Ti offro pagine riempite di parole e pensieri; ti offro quintali di sigarette fumate in notti solitarie, di passeggiate nei dintorni fatte soltanto per sentire il rumore dei passi, di improvvise voglie di partire, di gesti senza una spiegazione.
Ti offro elementi sparsi di una vita intera, il nickname di "Thapsos", le scale del sottopasso di una stazione, uno striscione di lotta e un parcheggio nel buio.
Ti offro un non so di ieri, un non so d'oggi, un non so di domani.
Ti offro bestemmie su treni di merda, attese al binario 8, 10, 11, ponti indiani, e ti offrirei qualsiasi cosa che incollasse l'intercity alle rotaie la domenica sera.
Ti offro i miei piatti strampalati, la spuma rossa, gli ultimi relitti di etimologie.
Ti offro qualche risata se mi viene di fartela fare.
Ti offro qualcosa che ancora non conosco; ma se la conoscerò la vorrei dividere con te.
Ti offro le mie storie, che valgano o meno qualcosa.

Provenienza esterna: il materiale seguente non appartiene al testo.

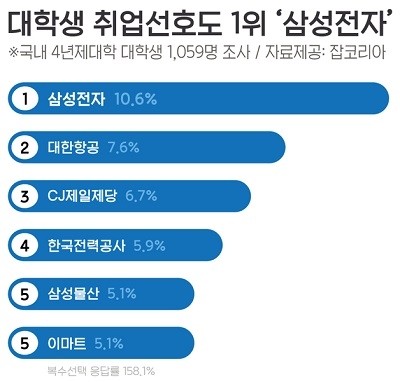 대학생, 취업 선호도 1위 삼성전자…여성 'CJ' 경상계 '신한은행' 인문 '대한항공'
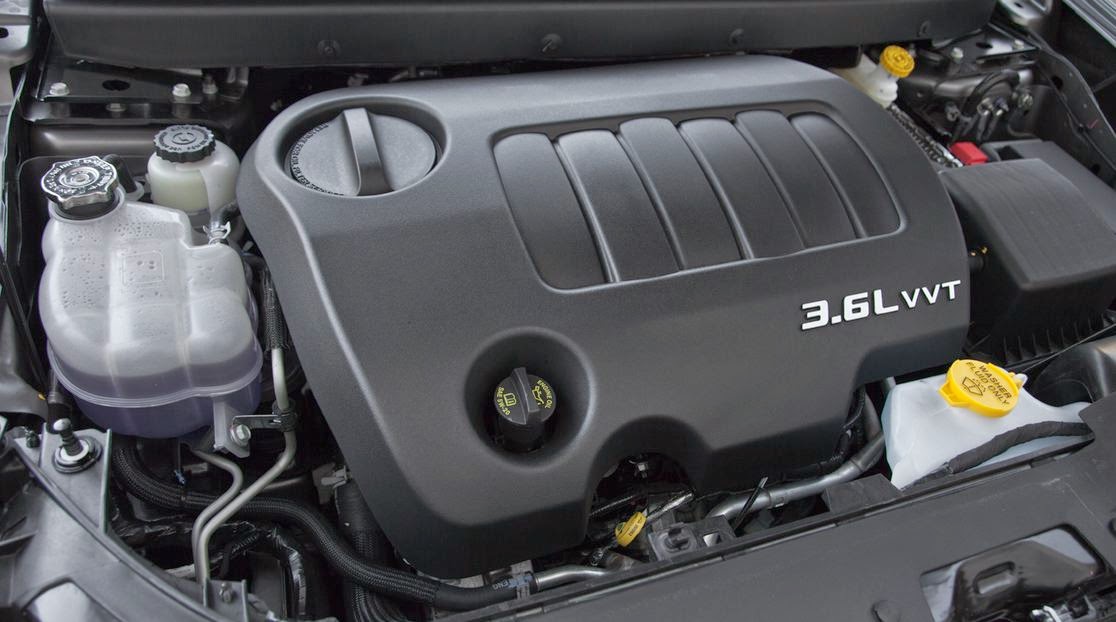 Used Audi Car: 2013 Dodge Journey MPG Review
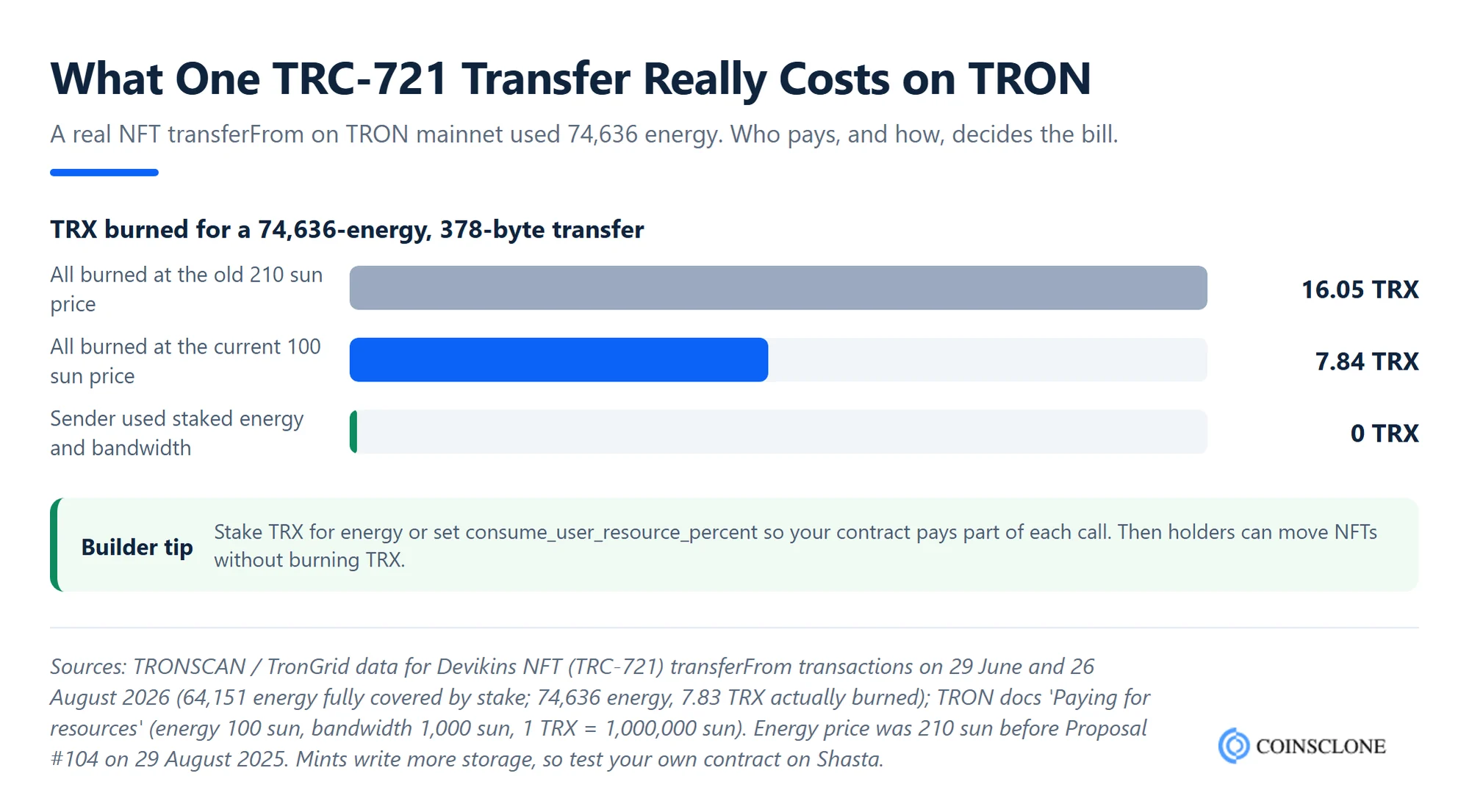 TRC721 NFT transfer cost on TRON, 74,636 energy costs 16.05 TRX at the old 210 sun price, 7.84 TRX at 100 sun and zero TRX with staked energy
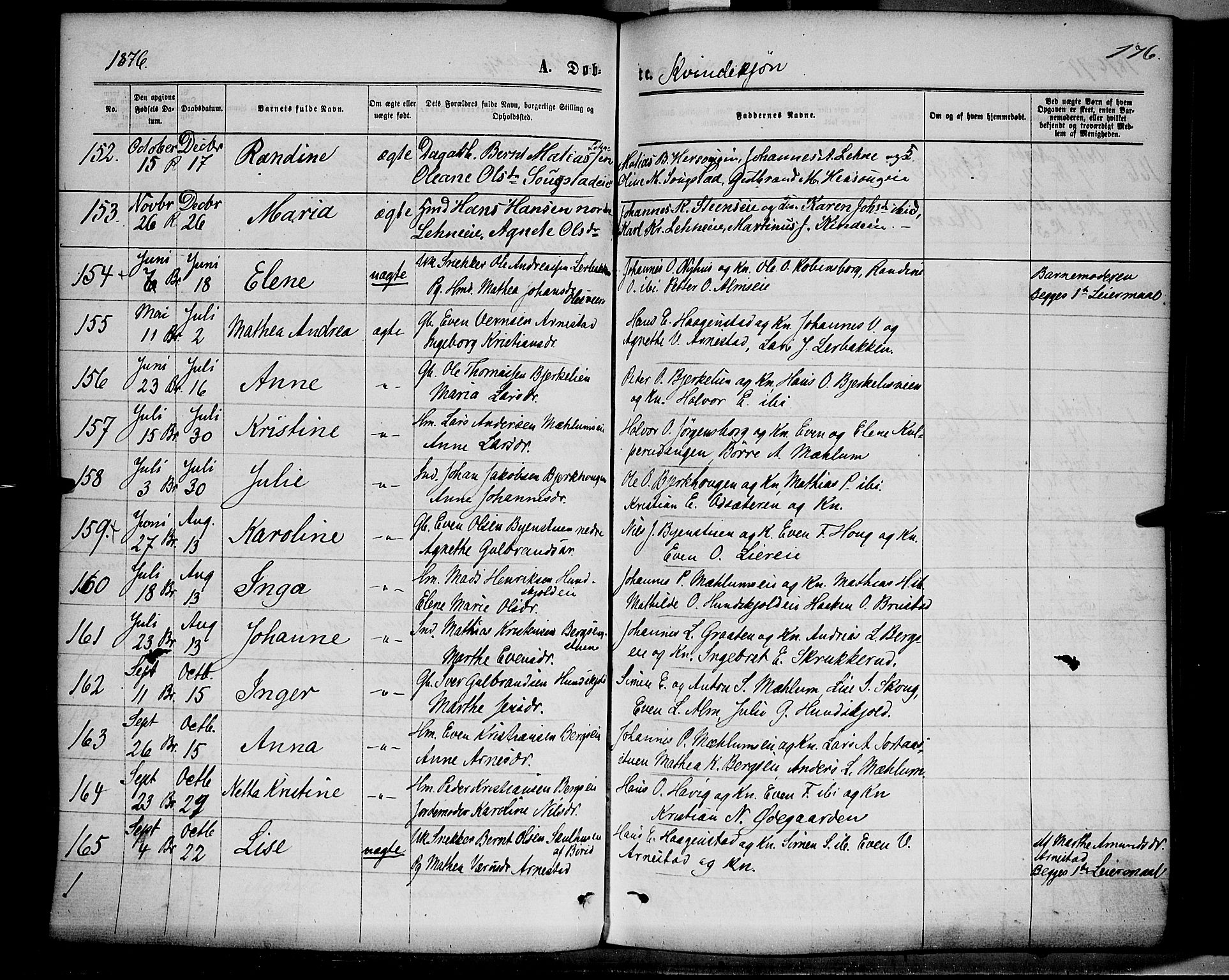 Ringsaker prestekontor, SAH/PREST-014/K/Ka/L0011: Parish register (official) no. 11, 1870-1878, p. 176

Ti offro quel che mi passa per la testa ogni momento, e ogni momento che mi passa per la testa.
Ti offro le mie fissazioni, le mie assenze, le mie contorsioni. Incroci incasinati, narcolessie, amici bizzarri, discese nel profondo, caravelle di libertà immaginate, tempo che non vorrebbe essere passato, unghie lunghe, vento di primavera, ellissoidi di desiderio, rocío de la madrugada.
Ti offro quel che mi rimane di passo di corsa quando arrivi.
Ti offro uno screwdriver, eh eh eh!
Ti offro quel che sono, in good and evil.
E ti offro soprattutto una cosa che qui non è opportuno dire.
E se ci sarà la fine del mondo, che importa. Alla fine di gennaio di qualche tempo fa, tanto, ne è cominciato un altro che non è coperto da nessuna profezia.
Auguri, e di quelli sodi.
Auguri, e di quelli infiniti.
Auguri, e di quelli che sbriciolano i chilometri.
Auguri, a te che non sapesti mai dire che sensazione ti prese.